On Sunday 4 December—the Second Sunday of Advent—Archbishop Peter A Comensoli preached the following homily at St Benedict’s Parish, Burwood, at a special 70th Anniversary Mass.

I was listening to a podcast last week, which was all about time. For scientists, there are two ways in which we commonly think about time. There is the ‘past, present, future’ way, where we locate the things of the world and ourselves in the progression of time. ‘The dog jumped over the fence last week.’ ‘We’ll go to the beach in January when it warms up.’

Then there is the ‘this, then this, then this’ way, where the progression of time is seen in a sequential order that transcends any notion of past, present or future. ‘When the dog jumps over the fence, it then runs around crazy, and then comes back for food.’

These two ways of understanding time—call them the locational and sequential ways—shape our lives every day of our lives. We do not exist outside of time. Both of them, however, are of a particular kind of time, called ‘kronos’ time, from which we get our words chronological and chronology. This is time seen in a linear progression.

There is another way of understanding time, however, which is, in faith, the most important kind. It is sometimes called ‘kairos time’. This is time as it is experienced in the moment—the ‘right’ time or ‘wrong’ time; the ‘good’ time or the ‘chosen’ time. It is time as we experience it in decisive moments. The Socceroo’s are experiencing a kairos moment right now: has their time to shine come?

The story of our faith is a kairos one, even as it has unfolded in chronological order. We can, for example, identify when John the Baptist started wandering in the wilderness of Judaea, preaching a message of repentance and God’s closeness. We know that John and Jesus were born around six months apart, that they were born during the reign of Caesar Augustus, and that Jesus began his public ministry at the age of 30, with John baptising him in the River Jordan. That gives us a pretty accurate timeframe for when John lived and preached.

However, and as we heard at the beginning of today’s Gospel, ‘In due course John the Baptist appeared.’ That’s a different kind of time than a set date in time. ‘In due course’—at the right time, at that decisive moment—John took up his mission to announce the coming of the Messiah, Jesus of Nazareth. This is the time that God had planned for from the beginning, but it didn’t depend on whether it occurred on a Thursday or Friday.

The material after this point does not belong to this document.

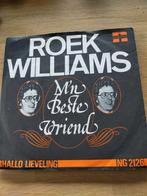 Roek Williams , m'n beste vriend, Cd's en Dvd's, Ophalen of Verzenden, Zo goed als nieuw, Nederlandstalig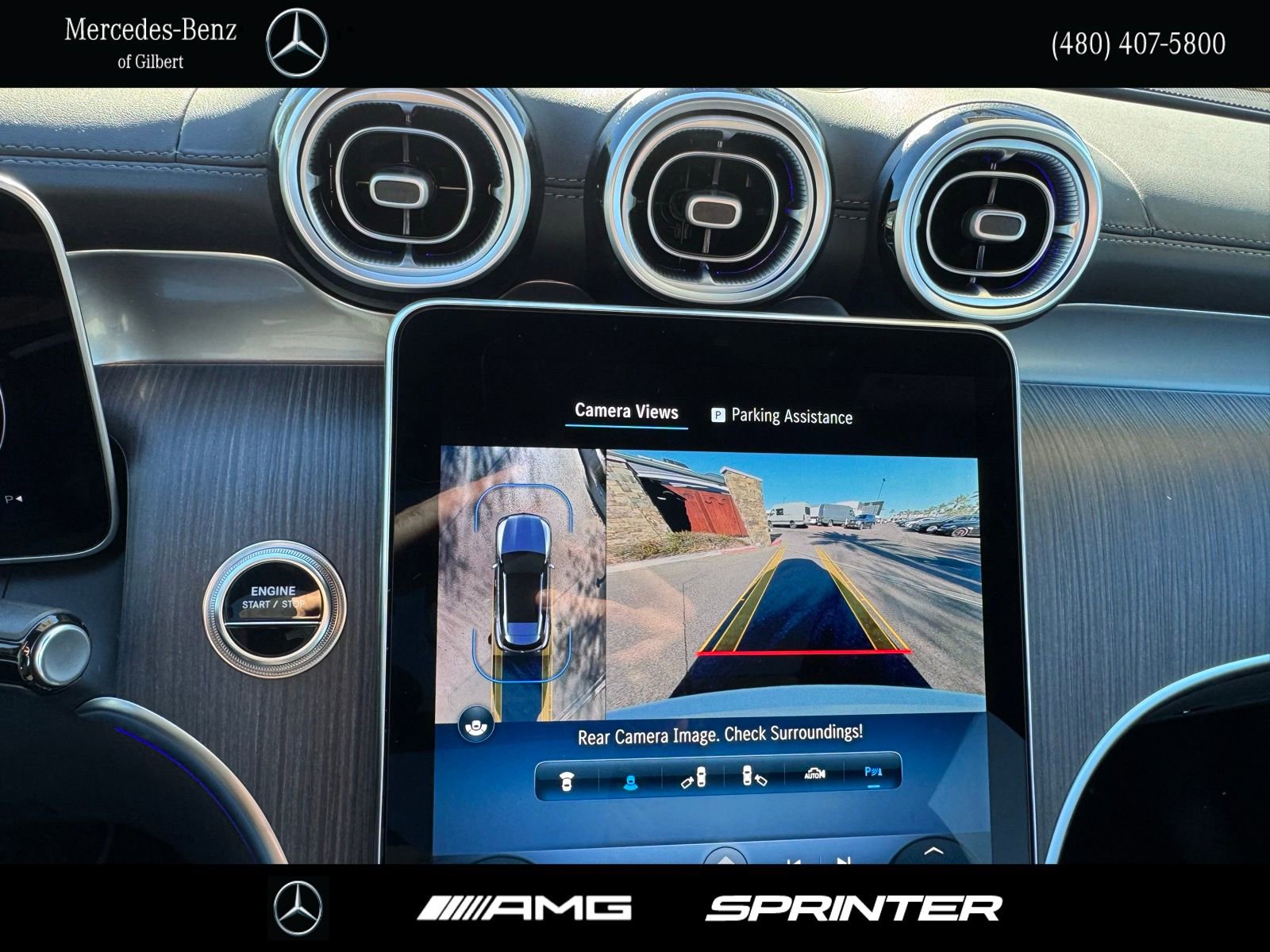 New 2025 Mercedes-Benz GLC 63 AMG S image 24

John’s appearance was, rather, at that time when the planets had aligned, as we metaphorically say; that is, at God’s appointed time. While it happened at a precise time and location, it necessarily happened at the time when God’s plan for our salvation could properly unfold.

Faith teaches us to seek to live our lives in a kairos way, even as our lives unfold in a kronos order. God has a plan for each of us. It involved the incarnation—the becoming flesh—of his Son, announced by the Baptist. We each have a place in this story of salvation; Jesus took each of us with him onto the cross. We are a part of God’s kairos plan and the nearness of his kingdom. And this is very good. Your moment—our moment—in Christ is ours to take.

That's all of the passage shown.